RDataFrame speed vs TTree loop for histogram creation

LucaC · January 22, 2021, 2:38pm

Dear experts,

I would like to ask for your feedback to understand how to build an efficient code with RDataFrames, as so far the performance I get on a simple example is O(10)x slower than a code with a TTree loop that implements the same functionality of histogram filling.

My use case is something I believe to be rather standard: plotting the distributions of several branches in a Tree under a few selections (example: control plots in different analysis regions).
Ideally this should be something flexible where variables, weights and selections are easily configurable (e.g. from a cfg file), so RDataFrames look very suitable for this and can use the python interface.

To create a “toy example”, I build an artificial dataset containing a Tree of 100k entries and 100 branches (x_0, … x_99). The code in case you want to reproduce it is below [1].
I use these data to fill a plot of each variable, with a weight given by x_0 * x_1, under 3 selections:

all events
x_99 < 0
x_99 < 0 && x_98 < 0 && x_97 < 0

A minimal code that implements this it in python with a RDataFrame is below [2], and on my machine it takes approximately 33s to run. I compared it against an equivalent compiled C++ version, but performance is roughly the same (as expected, since the same backend code is called).

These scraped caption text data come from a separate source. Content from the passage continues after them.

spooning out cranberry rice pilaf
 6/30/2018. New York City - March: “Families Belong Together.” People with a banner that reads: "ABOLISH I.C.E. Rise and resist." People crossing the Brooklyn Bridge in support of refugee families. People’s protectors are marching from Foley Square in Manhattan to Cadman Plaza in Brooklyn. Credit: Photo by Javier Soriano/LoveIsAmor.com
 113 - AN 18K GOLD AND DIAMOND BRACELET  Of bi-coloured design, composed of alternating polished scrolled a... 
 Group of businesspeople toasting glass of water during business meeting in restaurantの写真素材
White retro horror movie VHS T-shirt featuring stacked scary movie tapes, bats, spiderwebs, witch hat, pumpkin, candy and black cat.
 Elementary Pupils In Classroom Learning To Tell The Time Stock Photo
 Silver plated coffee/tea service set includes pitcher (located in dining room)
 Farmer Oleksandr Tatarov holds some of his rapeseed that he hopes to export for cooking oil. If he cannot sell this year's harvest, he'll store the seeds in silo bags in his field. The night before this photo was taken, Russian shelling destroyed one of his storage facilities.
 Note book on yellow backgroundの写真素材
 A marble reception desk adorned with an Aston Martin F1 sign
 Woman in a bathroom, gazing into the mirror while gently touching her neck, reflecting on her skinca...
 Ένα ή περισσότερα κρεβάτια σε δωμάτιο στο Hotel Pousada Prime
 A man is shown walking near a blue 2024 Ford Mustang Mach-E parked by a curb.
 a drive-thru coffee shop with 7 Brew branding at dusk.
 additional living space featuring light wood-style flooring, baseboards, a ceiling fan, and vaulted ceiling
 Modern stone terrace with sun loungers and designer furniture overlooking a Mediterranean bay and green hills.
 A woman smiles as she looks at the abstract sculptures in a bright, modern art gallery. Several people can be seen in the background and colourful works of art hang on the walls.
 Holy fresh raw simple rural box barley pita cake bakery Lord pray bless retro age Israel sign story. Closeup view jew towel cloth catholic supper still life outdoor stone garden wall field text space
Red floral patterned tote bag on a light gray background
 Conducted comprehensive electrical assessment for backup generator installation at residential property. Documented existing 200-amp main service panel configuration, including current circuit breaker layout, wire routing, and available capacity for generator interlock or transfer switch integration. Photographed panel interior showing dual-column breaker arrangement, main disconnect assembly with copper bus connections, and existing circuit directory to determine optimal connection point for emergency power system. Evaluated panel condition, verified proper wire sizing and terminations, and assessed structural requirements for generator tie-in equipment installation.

If I implement the same functionality with a loop on a TTree as in example [3], however, the execution of the code takes only 3 to 4 seconds, so it’s about 10 times faster.

Is this difference in the performance expected, or is there something that is slowing down my RDataFrame-based code that can be fixed?
Of course multithreading can help, although it looks like I may need to recompile ROOT with the support enabled, as I am using the precompiled version and enabling MT has no effect.
But in any case, I would need to run this code in parallel over different datasets, so that a “trivial” parallelisation of one execution for one dataset in a single thread may be the best thing to do anyway.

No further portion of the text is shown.